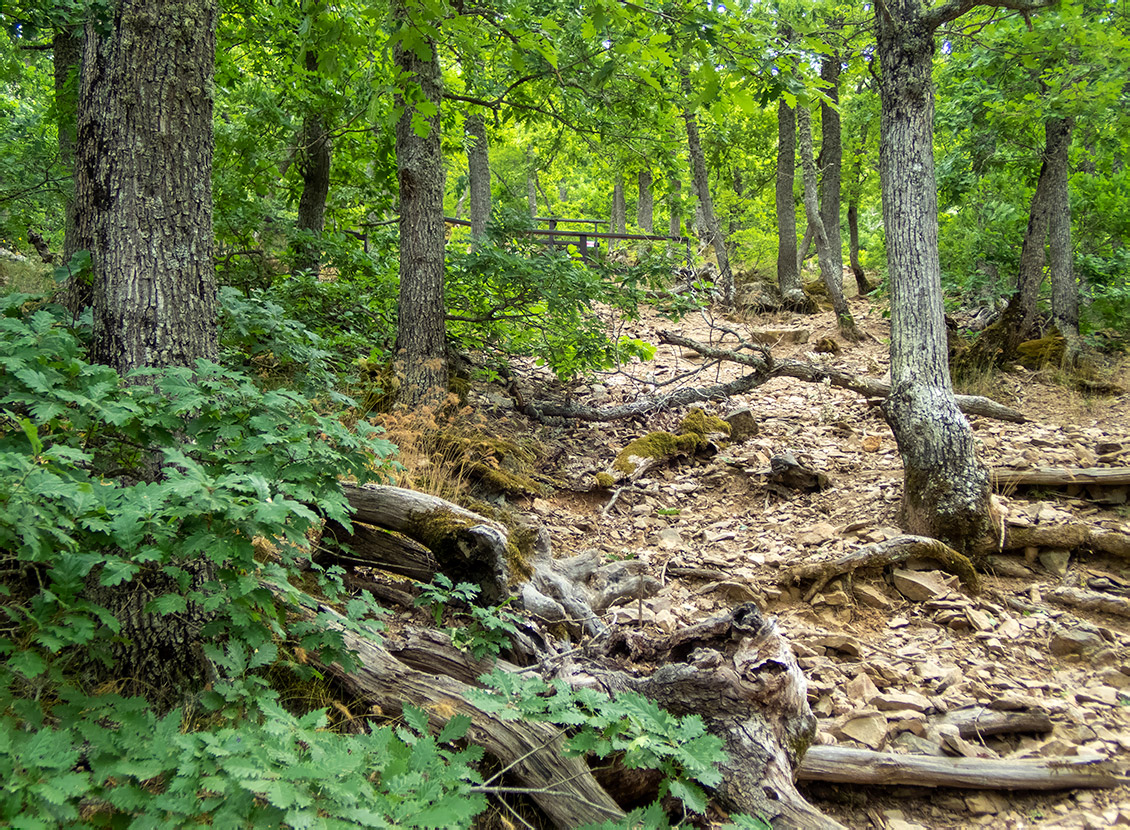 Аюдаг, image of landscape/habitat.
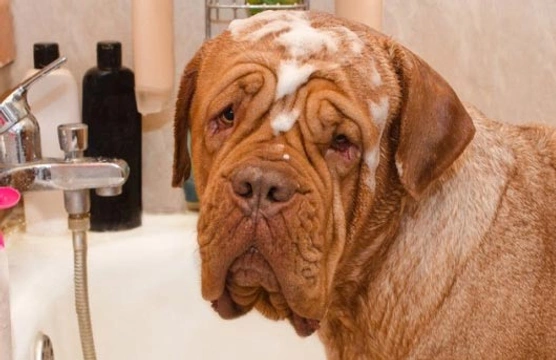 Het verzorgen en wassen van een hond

---

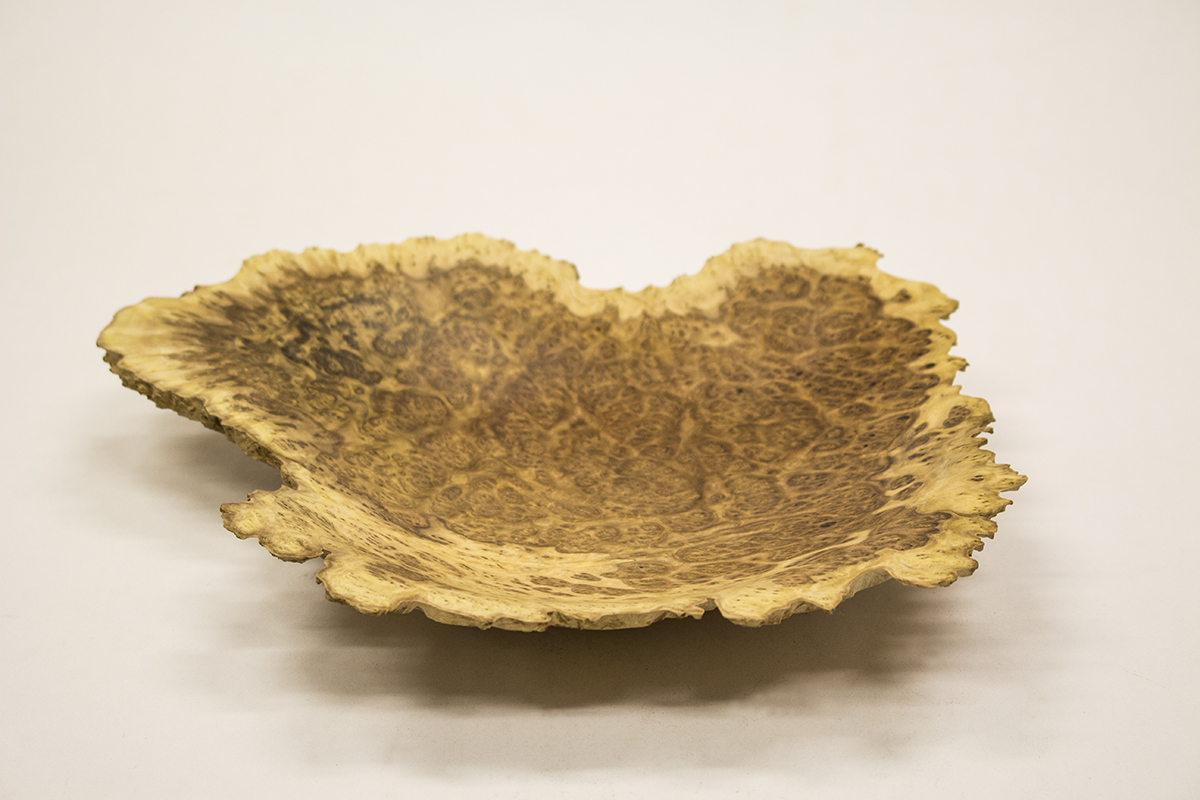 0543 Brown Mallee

GOAL OF THE EXERCISE: Once the line with "Аюдаг, image of landscape/habitat." is found above, print it and every line after it through the line with "Het verzorgen en wassen van een hond", exactly. Pictures stay out.

SOLVED EXERCISE:
 Аюдаг, image of landscape/habitat.
 Het verzorgen en wassen van een hond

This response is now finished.